Record the hostname, network configuration, and physical disk usage of the failed node.
Migrate all virtual machines from the failed node to other nodes.
Ensure that the new node meets the hardware requirements. Refer to the Hardware requirements section.
Install the same version of the ACOS software on the new node. For details, see the Installing ACOS on a physical server section.

Procedure

Identify the roles of the failed nodes by checking their roles in the host list on AOC.
- If the failed nodes include master nodes, proceed to step 2.
- If all failed nodes are storage nodes, move directly to step 3 and skip step 6.

Convert each failed master node to a storage node one by one. Run the following command on any node in the cluster other than the failed nodes, ensuring that only one node is undergoing role conversion at any given time.

zbs-cluster convert_to_storage [--is_alive <Boolean>] --ignore_recover_status [--offline_host_ips <offline_host_ips>] <data_ip>

[--is_alive <Boolean>]: Optional. If the failed master node is not connected to the storage network of other nodes in the cluster, you must specify this parameter and set <Boolean> to False. If connectivity exists, you may omit this parameter or set <Boolean> to True.
[--offline_host_ips <offline_host_ips>]: Optional. This parameter must be specified when the failed master node is in an unresponsive state. <offline_host_ips> refers to the storage IP addresses of all unresponsive nodes in the cluster at the time. Multiple IP addresses should be separated by half-width commas (,).
<data_ip>: Refers to the storage IP of the failed master node.

Confirm that the failed nodes are in a Not responding state. You can view the status of failed nodes on the host list or overview page in AOC.
- If all failed nodes are in a Not responding state, proceed directly to step 4.
- If some of the failed nodes are not in a Not responding state, click the ellipsis (...) to the right of the node in the AOC host list, and select Shut down. In the dialog that opens, enter the Reason, and then click Shut down. If shutting down via AOC fails, you can shut down the server via IPMI or by shutting down the server to place the node in an Not responding state.

Remove all failed nodes one by one.
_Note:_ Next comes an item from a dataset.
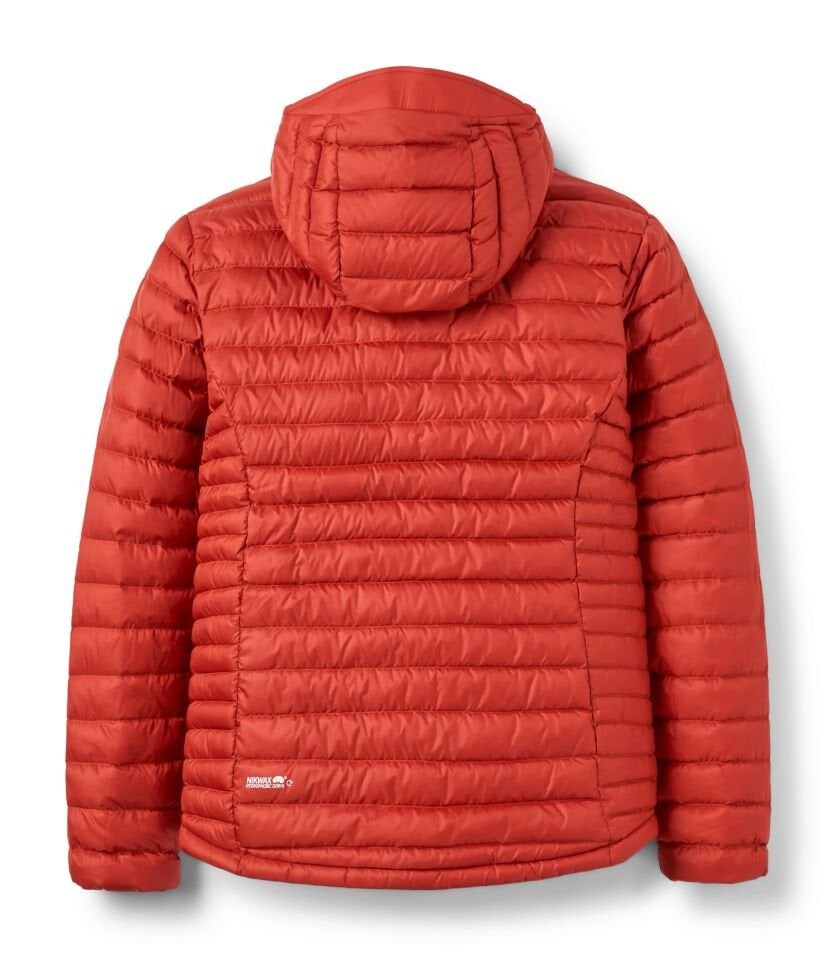 RAB MICROLIGHT ALPINE HOODY 700FP Kaztüyü Mont TUSCAN RED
Run the following command on any node in the cluster other than the failed nodes, and make sure that only one node is being removed at a time.

zbs-deploy-manage meta_remove_node [--offline_host_ips <offline_host_ips>] --keep_zbs_meta <data_ip>

[--offline_host_ips <offline_host_ips>]: Optional. This parameter must be specified when the failed node is in an unresponsive state. <offline_host_ips> refers to the storage IP addresses of all unresponsive nodes in the cluster at the time. Multiple IP addresses should be separated by half-width commas (,).
<data_ip>: Refers to the storage IP of the failed node.

Add the new node to the cluster by following the instructions in the Adding hosts to the cluster section. Use the previously recorded hostname and network configuration of the failed node when configuring the new node. The usage of physical disks can follow the configuration of the failed node or be adjusted as needed.
If the removed failed node was a master node, convert the new node from a storage node to a master node. For details, refer to the Converting the node role section.
Migrate the previously relocated virtual machines back to the new node as needed.